Vorurteil

Mein Mann erhielt eine Einladung, der wir folgten. Ich fand mich wieder, auf einer Veranstaltung, die einberufen wurde, um den Hauptakteur zu ehren und zu beglückwünschen. Ich, als normal Sterbliche, wäre niemals zu dieser Veranstaltung eingeladen worden und so bin ich dankbar, dass ich dabei sein durfte. Die Feierlichkeit wurde von einer Kanzlei ins Leben gerufen, die Juristen beherbergt, die Menschen verteidigen, die sich größerer Straftaten schuldig gemacht haben. Die Eingangsrede, auch Laudatio genannt, wurde von einem ehemaligen saarländischen Minister gehalten. Sie war ganz passend zum Anlass, tragend, langatmig und wenig informativ.
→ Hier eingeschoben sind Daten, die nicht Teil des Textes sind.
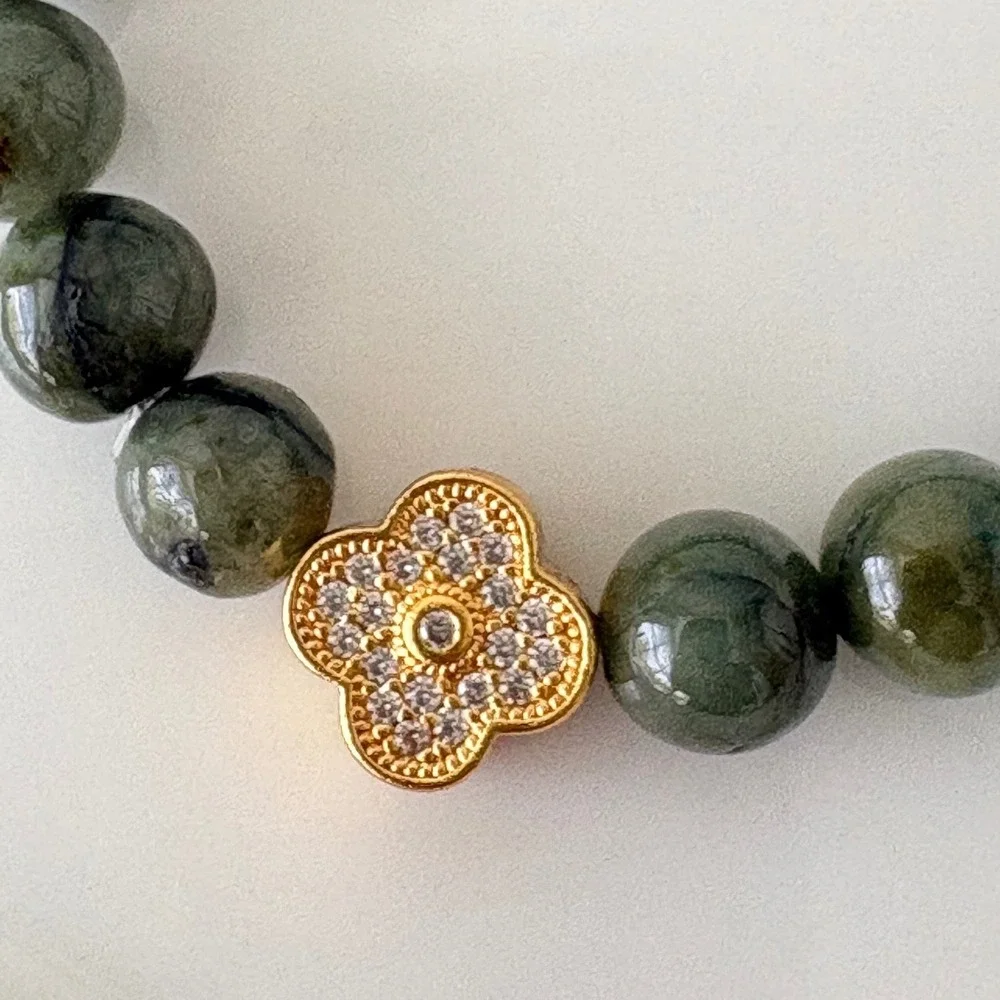 Authentic Green Jadeite Beaded Bracelet with Gold Clover Charm  20.03g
   Weil ich ungern fremde Menschen in meinem Rücken stehen habe -mein Kontrollbedürfnis möchte das nicht zulassen – platzierten mein Mann und ich uns in einer Ecke des großen Raumes, horchten und harrten der Dinge, die da kommen mochten. Vor mir stand ein gespanntes Publikum, zu dem in der Hauptzahl gut gekleidete Herren zählten. Sie trugen graue, dunkelblaue oder anthrazitfarbene Anzüge, Krawatten und gewienerte Schuhe. Alle waren tadellos frisiert und rasiert und verströmten eine Aura aus Seriosität, Erfahrung und akademischem Wissen. Es waren, größere und kleinere Männer, zumeist fortgeschrittenen Alters. Wie sie da so vor mir standen, aufrecht, geradlinig, die Arme vor der Brust verschränkt oder lässig, leicht vorgebeugt, die Ellenbogen auf den kleinen Stehtischchen aufgestützt, strahlten sie Wichtigkeit aus. Dringlichkeit, Erhabenheit und Erfolg, der ihnen ins Gesicht gebrannt war. In dieser von Ehrgeiz, Eloquenz und Männlichkeit wabernden Atmosphäre, die die Luft zum Atmen beschwerte, fühlte ich mich klein, nichtig und nutzlos. Meine Daseinsberechtigung schwand. Ich sah mich gezwungen mich zu demütigen und zu hinterfragen, was ich in meinem Leben erreicht hatte. Ich hatte keine Professur erlangt, keine Reichtümer erwirtschaftet, keinen gehobenen Posten ergattert, ja nicht einmal ein Kind geboren.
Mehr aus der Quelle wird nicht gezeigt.